May 22, 2013 (Dan’s Table)

Preserving culture during company growth

– You can’t preserve culture. It is made every day.
– If you want a certain culture, do those things.
– Choose people when hiring
– Office can set the tone
– Management can set priorities but they need to do them.
– Do you want the same culture after growth? Cultures don’t necessarily scale. Culture of 30 doesn’t work with 80.
– New people will change the culture. You can’t avoid it; you can try to steer it.
– Politics

Help desk knowledge base / beta software
– Multiple products
– new refs on different schedules
– how to support beta customers
– beta customers may not know that they are beta customers. (more of an A/B sort of testing)
– who gets the beta?
– stop doing beta. Deliver faster, do fewer changes in each release.
– Dogfood

Managing customer-visible help pages
– Standard pages vs custom pages written by a rep
– Can customer tell what they are looking at?
– How would you find errors?
– Variation by itself isn’t a problem; incorrectness is.
– customer-facing sites may become stale
– CSRs need to be accountable for accuracy
– Do pages get audited?
– What about when CSRs move on>

Bringing standup back to focus
– Gamify it
– Time people
– encourage brevity: measure it.
– try it for a week and people will start to recalibrate to what a short statement sounds like
– What is the point of the standup? (varies by team)
– Limit who is in the meeting. Only pigs get to talk; chickens get to watch. (In consulting, being a pig or a chicken depends on if you are billable to that project)
– Stay on target
– If what you want to say doesn’t add value, don’t say it.
– Learning questions: Instead of talking about what you did, talk about what you learned.
– Be aggressive about the rathole call: if the discussion is wandering, call people on it.
– For special cases: you can talk as long as you hold the electric ball: http://www.thinkgeek.com/product/91b8/
– Don’t have the standup in a comfortable place where people relax.
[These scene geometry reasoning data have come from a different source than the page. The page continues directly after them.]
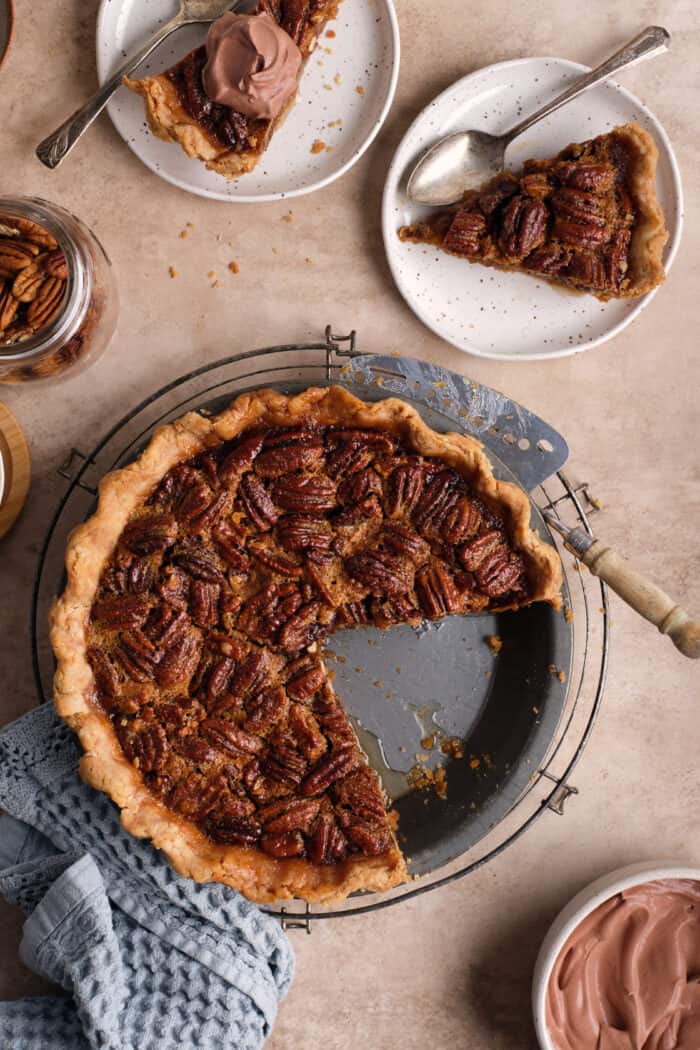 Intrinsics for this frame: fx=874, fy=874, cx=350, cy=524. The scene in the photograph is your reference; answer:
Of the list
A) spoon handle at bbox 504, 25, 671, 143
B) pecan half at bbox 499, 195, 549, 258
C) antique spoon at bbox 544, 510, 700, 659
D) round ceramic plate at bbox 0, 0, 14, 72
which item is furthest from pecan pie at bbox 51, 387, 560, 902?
round ceramic plate at bbox 0, 0, 14, 72

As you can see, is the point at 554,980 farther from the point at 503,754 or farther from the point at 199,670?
the point at 199,670

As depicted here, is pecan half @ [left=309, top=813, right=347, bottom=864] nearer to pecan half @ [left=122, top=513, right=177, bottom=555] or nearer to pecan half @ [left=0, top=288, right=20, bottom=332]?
pecan half @ [left=122, top=513, right=177, bottom=555]

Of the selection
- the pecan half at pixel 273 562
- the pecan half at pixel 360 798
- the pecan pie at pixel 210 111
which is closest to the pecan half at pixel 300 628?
the pecan half at pixel 273 562

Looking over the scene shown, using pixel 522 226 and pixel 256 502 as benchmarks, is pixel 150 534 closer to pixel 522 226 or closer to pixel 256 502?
pixel 256 502

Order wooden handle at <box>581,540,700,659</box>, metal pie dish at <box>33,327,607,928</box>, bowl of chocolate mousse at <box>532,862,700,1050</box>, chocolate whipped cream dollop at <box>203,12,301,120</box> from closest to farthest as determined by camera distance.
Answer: wooden handle at <box>581,540,700,659</box> → chocolate whipped cream dollop at <box>203,12,301,120</box> → metal pie dish at <box>33,327,607,928</box> → bowl of chocolate mousse at <box>532,862,700,1050</box>

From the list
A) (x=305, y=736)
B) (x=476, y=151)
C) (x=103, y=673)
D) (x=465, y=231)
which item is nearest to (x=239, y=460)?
(x=103, y=673) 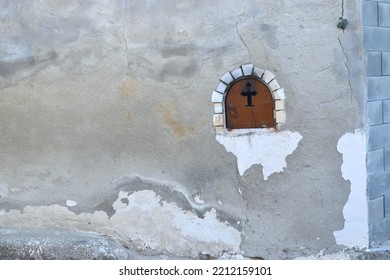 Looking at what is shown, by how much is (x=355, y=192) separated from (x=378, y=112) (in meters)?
0.67

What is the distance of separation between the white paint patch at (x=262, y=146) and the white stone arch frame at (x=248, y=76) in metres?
0.11

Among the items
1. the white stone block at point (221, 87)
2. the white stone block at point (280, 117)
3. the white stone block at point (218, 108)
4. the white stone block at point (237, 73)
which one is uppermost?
the white stone block at point (237, 73)

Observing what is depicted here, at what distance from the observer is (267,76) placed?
15.0 feet

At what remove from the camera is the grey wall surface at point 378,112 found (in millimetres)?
4520

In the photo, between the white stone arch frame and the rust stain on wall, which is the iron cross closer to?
the white stone arch frame

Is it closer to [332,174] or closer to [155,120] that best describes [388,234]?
[332,174]

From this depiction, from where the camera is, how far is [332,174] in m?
4.57

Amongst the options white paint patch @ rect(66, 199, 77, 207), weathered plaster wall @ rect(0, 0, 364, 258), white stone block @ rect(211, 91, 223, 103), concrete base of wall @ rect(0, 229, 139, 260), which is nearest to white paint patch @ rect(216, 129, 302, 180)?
weathered plaster wall @ rect(0, 0, 364, 258)

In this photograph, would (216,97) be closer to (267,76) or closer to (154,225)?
(267,76)

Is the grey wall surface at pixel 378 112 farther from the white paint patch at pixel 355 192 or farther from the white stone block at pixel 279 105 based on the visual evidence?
the white stone block at pixel 279 105

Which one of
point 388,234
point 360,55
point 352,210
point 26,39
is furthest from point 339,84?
point 26,39

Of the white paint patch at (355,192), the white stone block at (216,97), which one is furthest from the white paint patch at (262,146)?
the white paint patch at (355,192)

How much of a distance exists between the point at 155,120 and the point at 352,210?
176 cm

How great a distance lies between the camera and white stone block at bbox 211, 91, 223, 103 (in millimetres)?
4637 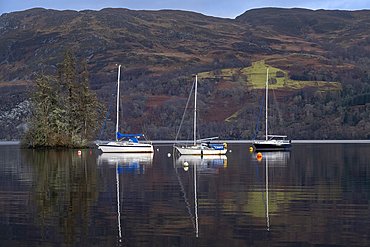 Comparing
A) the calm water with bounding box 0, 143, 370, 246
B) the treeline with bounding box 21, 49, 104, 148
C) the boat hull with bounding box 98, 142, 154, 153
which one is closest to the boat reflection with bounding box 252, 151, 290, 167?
the calm water with bounding box 0, 143, 370, 246

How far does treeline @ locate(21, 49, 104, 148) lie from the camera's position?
260ft

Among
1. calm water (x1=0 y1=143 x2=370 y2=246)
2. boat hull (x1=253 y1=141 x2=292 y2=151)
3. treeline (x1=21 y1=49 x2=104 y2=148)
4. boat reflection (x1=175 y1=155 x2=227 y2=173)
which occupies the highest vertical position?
treeline (x1=21 y1=49 x2=104 y2=148)

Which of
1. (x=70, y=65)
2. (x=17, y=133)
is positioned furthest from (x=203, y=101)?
(x=70, y=65)

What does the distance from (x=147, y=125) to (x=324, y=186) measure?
151491 mm

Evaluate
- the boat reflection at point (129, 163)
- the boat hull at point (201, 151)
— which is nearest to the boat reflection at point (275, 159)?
the boat hull at point (201, 151)

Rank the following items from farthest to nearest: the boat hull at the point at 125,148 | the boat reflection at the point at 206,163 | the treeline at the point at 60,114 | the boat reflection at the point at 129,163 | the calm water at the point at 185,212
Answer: the treeline at the point at 60,114 → the boat hull at the point at 125,148 → the boat reflection at the point at 206,163 → the boat reflection at the point at 129,163 → the calm water at the point at 185,212

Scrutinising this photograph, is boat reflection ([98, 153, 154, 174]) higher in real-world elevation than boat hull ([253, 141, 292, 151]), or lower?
higher

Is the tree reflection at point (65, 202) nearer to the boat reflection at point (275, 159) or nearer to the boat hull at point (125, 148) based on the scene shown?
the boat reflection at point (275, 159)

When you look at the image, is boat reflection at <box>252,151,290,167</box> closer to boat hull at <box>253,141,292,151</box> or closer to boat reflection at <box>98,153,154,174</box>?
boat reflection at <box>98,153,154,174</box>

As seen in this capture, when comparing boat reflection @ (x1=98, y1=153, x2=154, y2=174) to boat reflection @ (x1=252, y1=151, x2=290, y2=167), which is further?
boat reflection @ (x1=252, y1=151, x2=290, y2=167)

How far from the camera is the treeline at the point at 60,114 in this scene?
7919 centimetres

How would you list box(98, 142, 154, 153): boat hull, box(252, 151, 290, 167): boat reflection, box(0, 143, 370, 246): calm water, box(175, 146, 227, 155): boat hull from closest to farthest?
box(0, 143, 370, 246): calm water < box(252, 151, 290, 167): boat reflection < box(175, 146, 227, 155): boat hull < box(98, 142, 154, 153): boat hull

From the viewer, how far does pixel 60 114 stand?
8125 cm

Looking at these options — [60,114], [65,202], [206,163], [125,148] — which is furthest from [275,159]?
[60,114] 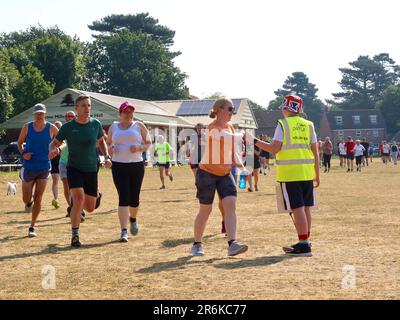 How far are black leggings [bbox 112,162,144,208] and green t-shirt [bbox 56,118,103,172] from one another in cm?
45

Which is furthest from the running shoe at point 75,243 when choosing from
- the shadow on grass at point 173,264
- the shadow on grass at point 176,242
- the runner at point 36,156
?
the shadow on grass at point 173,264

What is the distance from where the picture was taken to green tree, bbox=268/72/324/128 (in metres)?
160

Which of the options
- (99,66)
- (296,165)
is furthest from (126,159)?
(99,66)

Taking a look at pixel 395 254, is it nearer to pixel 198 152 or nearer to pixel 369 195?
pixel 198 152

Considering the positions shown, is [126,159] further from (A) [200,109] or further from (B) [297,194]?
(A) [200,109]

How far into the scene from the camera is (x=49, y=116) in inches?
2080

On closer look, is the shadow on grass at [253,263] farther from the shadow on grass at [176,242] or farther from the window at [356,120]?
the window at [356,120]

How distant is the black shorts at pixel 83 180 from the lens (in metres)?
9.55

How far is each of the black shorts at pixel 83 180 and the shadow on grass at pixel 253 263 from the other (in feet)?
9.32

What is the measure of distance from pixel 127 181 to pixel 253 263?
296cm

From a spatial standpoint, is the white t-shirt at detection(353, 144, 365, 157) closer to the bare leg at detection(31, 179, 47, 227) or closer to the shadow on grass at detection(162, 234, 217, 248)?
the shadow on grass at detection(162, 234, 217, 248)

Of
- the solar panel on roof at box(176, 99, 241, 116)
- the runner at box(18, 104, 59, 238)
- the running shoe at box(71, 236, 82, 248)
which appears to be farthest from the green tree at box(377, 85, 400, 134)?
the running shoe at box(71, 236, 82, 248)

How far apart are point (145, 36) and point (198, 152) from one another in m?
79.4

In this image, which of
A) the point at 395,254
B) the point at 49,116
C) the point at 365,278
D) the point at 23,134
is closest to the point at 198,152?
the point at 23,134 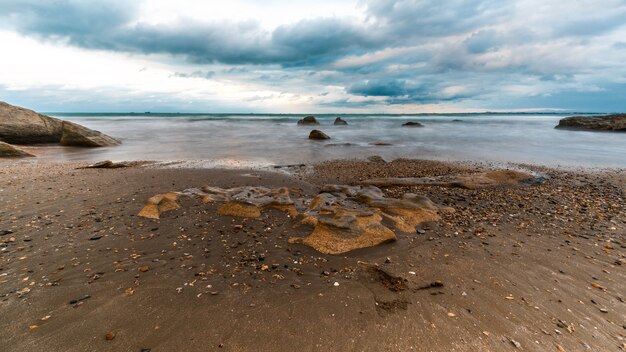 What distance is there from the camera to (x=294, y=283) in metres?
3.66

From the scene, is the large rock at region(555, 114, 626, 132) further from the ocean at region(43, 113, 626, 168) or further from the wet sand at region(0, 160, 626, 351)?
the wet sand at region(0, 160, 626, 351)

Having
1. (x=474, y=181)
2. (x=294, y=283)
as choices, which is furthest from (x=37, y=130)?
(x=474, y=181)

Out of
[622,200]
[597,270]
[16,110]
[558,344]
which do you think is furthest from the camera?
[16,110]

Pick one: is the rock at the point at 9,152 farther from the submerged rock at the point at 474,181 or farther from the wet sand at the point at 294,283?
the submerged rock at the point at 474,181

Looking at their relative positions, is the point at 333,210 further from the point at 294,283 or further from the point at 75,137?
the point at 75,137

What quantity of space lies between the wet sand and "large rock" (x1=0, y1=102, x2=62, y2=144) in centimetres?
1509

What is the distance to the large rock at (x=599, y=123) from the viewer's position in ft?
115

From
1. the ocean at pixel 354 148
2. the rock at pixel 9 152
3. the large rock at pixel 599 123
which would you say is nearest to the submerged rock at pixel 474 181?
the ocean at pixel 354 148

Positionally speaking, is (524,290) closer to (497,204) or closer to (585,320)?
(585,320)

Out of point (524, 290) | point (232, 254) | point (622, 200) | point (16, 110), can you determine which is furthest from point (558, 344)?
point (16, 110)

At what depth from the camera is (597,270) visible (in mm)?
3953

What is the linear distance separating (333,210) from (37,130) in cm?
2110

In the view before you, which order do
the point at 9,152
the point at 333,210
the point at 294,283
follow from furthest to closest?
the point at 9,152 < the point at 333,210 < the point at 294,283

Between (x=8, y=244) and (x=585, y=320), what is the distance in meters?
7.65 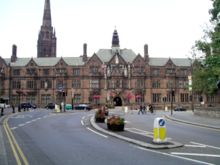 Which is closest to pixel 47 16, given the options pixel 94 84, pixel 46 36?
pixel 46 36

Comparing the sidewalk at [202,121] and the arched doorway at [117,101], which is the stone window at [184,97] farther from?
the sidewalk at [202,121]

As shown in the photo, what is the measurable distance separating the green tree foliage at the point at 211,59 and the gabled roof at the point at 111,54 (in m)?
52.6

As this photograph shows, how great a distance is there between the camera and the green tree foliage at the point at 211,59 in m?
40.2

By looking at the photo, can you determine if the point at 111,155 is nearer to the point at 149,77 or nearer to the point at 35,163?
the point at 35,163

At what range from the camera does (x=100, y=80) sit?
105m

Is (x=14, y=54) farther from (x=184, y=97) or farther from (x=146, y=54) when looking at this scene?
(x=184, y=97)

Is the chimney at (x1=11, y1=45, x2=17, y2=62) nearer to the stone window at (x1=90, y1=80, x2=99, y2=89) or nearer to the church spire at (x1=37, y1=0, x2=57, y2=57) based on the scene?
the church spire at (x1=37, y1=0, x2=57, y2=57)

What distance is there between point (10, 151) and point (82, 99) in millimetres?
87754

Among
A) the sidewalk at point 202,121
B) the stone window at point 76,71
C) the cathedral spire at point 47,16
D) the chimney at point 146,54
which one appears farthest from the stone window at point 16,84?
the sidewalk at point 202,121

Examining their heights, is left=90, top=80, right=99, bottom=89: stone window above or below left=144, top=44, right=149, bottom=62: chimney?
below

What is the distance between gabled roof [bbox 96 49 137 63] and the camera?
109m

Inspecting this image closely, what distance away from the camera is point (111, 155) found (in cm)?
1550

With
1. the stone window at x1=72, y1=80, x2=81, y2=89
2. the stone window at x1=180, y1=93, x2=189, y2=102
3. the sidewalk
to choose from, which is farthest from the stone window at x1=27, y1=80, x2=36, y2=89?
the sidewalk

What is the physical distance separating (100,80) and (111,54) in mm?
9627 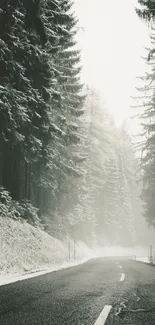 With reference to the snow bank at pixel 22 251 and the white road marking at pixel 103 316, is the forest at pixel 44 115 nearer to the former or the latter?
the snow bank at pixel 22 251

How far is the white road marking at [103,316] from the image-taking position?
525cm

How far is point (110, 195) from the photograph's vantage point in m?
62.2

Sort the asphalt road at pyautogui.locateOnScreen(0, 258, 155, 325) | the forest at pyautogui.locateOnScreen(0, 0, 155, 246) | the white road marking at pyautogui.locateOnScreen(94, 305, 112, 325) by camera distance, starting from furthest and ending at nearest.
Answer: the forest at pyautogui.locateOnScreen(0, 0, 155, 246) < the asphalt road at pyautogui.locateOnScreen(0, 258, 155, 325) < the white road marking at pyautogui.locateOnScreen(94, 305, 112, 325)

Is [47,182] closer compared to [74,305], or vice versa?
[74,305]

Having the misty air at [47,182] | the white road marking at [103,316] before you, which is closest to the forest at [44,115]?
the misty air at [47,182]

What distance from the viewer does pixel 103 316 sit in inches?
223

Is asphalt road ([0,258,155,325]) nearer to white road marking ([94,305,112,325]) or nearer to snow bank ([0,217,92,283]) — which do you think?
white road marking ([94,305,112,325])

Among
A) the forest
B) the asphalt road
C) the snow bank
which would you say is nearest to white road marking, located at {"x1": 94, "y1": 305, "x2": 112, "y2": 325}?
the asphalt road

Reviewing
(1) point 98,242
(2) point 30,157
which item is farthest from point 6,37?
(1) point 98,242

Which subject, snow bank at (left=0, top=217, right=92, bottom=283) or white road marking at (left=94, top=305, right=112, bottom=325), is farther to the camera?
snow bank at (left=0, top=217, right=92, bottom=283)

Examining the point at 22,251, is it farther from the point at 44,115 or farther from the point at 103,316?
the point at 103,316

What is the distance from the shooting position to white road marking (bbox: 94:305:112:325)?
207 inches

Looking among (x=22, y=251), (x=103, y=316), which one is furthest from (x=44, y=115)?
(x=103, y=316)

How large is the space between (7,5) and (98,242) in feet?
165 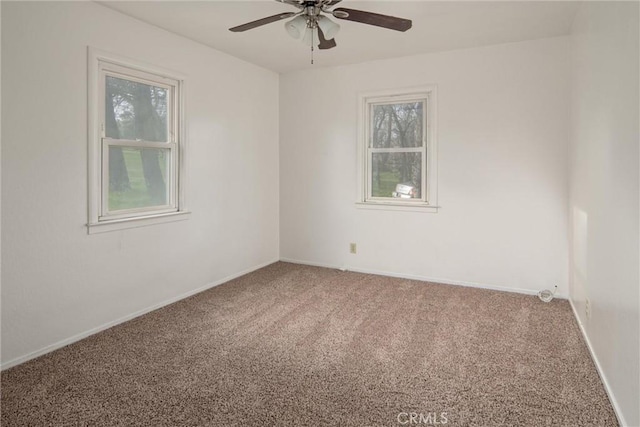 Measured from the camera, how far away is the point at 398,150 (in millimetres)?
4266

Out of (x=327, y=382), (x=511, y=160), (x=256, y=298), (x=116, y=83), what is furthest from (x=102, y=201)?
(x=511, y=160)

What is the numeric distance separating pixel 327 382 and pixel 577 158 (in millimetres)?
2569

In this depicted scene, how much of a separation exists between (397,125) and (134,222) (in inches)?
111

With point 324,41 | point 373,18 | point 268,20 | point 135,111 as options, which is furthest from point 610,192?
point 135,111

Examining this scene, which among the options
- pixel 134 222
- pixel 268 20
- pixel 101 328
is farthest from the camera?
pixel 134 222

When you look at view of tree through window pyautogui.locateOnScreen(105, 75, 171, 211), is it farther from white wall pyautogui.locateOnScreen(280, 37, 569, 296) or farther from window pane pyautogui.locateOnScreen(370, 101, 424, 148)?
window pane pyautogui.locateOnScreen(370, 101, 424, 148)

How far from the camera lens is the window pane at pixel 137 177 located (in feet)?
9.92

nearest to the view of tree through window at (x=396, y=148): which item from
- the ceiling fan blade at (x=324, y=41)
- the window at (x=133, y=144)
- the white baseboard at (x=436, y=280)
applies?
the white baseboard at (x=436, y=280)

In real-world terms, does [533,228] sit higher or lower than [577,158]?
lower

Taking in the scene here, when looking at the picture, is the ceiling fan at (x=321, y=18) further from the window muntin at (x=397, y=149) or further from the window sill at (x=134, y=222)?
the window muntin at (x=397, y=149)

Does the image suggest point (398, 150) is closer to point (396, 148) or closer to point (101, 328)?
point (396, 148)

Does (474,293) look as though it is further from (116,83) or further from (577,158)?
(116,83)

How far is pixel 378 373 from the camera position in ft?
7.38

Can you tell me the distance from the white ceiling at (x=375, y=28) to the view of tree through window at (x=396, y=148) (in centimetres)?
59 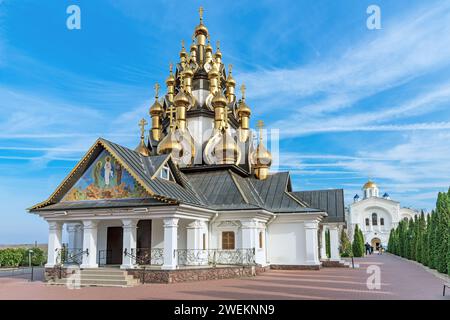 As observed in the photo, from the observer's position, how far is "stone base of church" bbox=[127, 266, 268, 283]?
1506cm

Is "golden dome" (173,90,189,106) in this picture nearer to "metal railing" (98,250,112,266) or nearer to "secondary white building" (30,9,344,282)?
"secondary white building" (30,9,344,282)

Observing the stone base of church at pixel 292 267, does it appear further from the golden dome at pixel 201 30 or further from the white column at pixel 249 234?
the golden dome at pixel 201 30

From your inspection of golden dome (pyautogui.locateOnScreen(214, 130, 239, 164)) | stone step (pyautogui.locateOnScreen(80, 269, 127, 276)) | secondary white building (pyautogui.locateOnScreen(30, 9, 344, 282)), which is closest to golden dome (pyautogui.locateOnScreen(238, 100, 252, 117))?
secondary white building (pyautogui.locateOnScreen(30, 9, 344, 282))

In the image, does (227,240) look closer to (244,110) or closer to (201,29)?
(244,110)

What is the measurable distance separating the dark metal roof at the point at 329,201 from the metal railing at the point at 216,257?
297 inches

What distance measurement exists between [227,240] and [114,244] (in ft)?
17.5

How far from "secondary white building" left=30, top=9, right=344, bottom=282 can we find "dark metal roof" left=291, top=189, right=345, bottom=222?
2.4 inches

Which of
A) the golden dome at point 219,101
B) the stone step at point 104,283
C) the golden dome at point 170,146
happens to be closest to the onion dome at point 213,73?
the golden dome at point 219,101

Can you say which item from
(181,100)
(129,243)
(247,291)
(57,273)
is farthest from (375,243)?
(247,291)

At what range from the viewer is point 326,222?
24.6 m

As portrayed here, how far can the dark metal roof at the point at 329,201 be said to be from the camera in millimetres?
24888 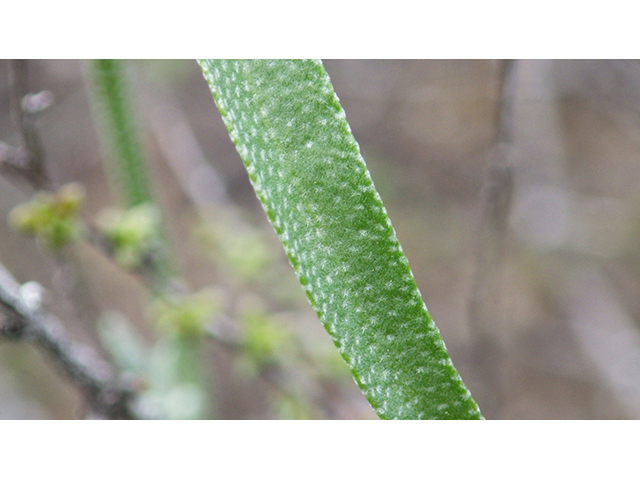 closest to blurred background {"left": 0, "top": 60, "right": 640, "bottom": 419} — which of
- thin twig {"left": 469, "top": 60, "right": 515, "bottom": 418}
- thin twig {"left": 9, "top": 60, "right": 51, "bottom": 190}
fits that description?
thin twig {"left": 469, "top": 60, "right": 515, "bottom": 418}

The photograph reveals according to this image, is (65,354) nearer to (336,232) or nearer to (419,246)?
(336,232)

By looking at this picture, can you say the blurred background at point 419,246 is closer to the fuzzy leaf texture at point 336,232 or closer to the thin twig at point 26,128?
the thin twig at point 26,128

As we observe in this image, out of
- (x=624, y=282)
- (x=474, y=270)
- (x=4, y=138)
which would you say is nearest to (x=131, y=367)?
(x=474, y=270)

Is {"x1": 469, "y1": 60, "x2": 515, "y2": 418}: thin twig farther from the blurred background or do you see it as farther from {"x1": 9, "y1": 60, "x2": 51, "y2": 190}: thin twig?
{"x1": 9, "y1": 60, "x2": 51, "y2": 190}: thin twig

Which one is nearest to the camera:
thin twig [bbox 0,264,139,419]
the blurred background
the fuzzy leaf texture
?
the fuzzy leaf texture

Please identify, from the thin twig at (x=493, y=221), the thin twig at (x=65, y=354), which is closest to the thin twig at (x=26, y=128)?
the thin twig at (x=65, y=354) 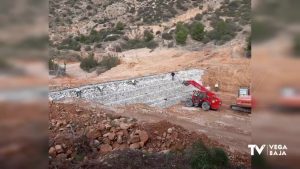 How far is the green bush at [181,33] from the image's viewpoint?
13859mm

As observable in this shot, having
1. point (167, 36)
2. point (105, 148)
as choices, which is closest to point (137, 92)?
point (105, 148)

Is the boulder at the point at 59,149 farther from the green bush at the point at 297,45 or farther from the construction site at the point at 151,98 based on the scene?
the green bush at the point at 297,45

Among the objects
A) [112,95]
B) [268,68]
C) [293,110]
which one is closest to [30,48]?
[268,68]

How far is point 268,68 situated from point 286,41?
19cm

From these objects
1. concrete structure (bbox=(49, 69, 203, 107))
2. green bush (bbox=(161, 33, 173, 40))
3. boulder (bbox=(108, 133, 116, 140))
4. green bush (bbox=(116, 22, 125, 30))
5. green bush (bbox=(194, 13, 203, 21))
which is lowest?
boulder (bbox=(108, 133, 116, 140))

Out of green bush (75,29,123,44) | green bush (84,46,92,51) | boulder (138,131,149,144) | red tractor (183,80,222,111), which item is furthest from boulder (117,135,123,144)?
green bush (75,29,123,44)

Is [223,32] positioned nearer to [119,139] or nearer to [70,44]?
[70,44]

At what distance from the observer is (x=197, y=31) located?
14.4 meters

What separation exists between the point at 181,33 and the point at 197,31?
0.53 meters

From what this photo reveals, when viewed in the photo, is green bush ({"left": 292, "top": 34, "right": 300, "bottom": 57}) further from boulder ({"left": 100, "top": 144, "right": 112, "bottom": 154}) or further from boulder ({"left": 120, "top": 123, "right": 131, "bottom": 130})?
boulder ({"left": 120, "top": 123, "right": 131, "bottom": 130})

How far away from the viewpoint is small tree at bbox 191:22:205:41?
45.5 ft

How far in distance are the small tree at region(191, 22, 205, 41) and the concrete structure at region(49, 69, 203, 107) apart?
4776 millimetres

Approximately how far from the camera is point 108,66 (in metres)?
11.8

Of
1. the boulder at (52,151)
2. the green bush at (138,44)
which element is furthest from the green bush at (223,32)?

Stand up; make people want to finish and get back to work.
– Save the staff meeting stuff for a staff meeting

How to companies manage customer experience across different channels (blog, ads, help desk, youtube videos, etc)
– Who owns each channel?
– Does old content get pruned?
– Analyze what works
– Who originates content? (NR has engineers write blog postings about new features)
– Solutions can get out of date

Presenting to developers
– Know your audience
– Know your material
– Know your message
– Right amount of emotion in your talk. Engineers can smell a sales pitch and will tune you out
– More interactive/less interactive
– Tell a story. Don’t just recite facts.
– Talk about the “why”
– Get devs talking to customers, out of their comfort zone
– Presentation Zen/Tufte
– Interactivity
– are you trying to influence behavior or just convey information?

Lean Roadmaps
– Once you get past a few months out it gets fuzzy
– Quarterly roadmaps
– features vs maintenance
– Release often and change direction as needed
– All about communication
– still need a vision, even though the specifics may be fuzzy
– 3 months is a long time in technology
– Always question priorities. Are we doing the most important thing?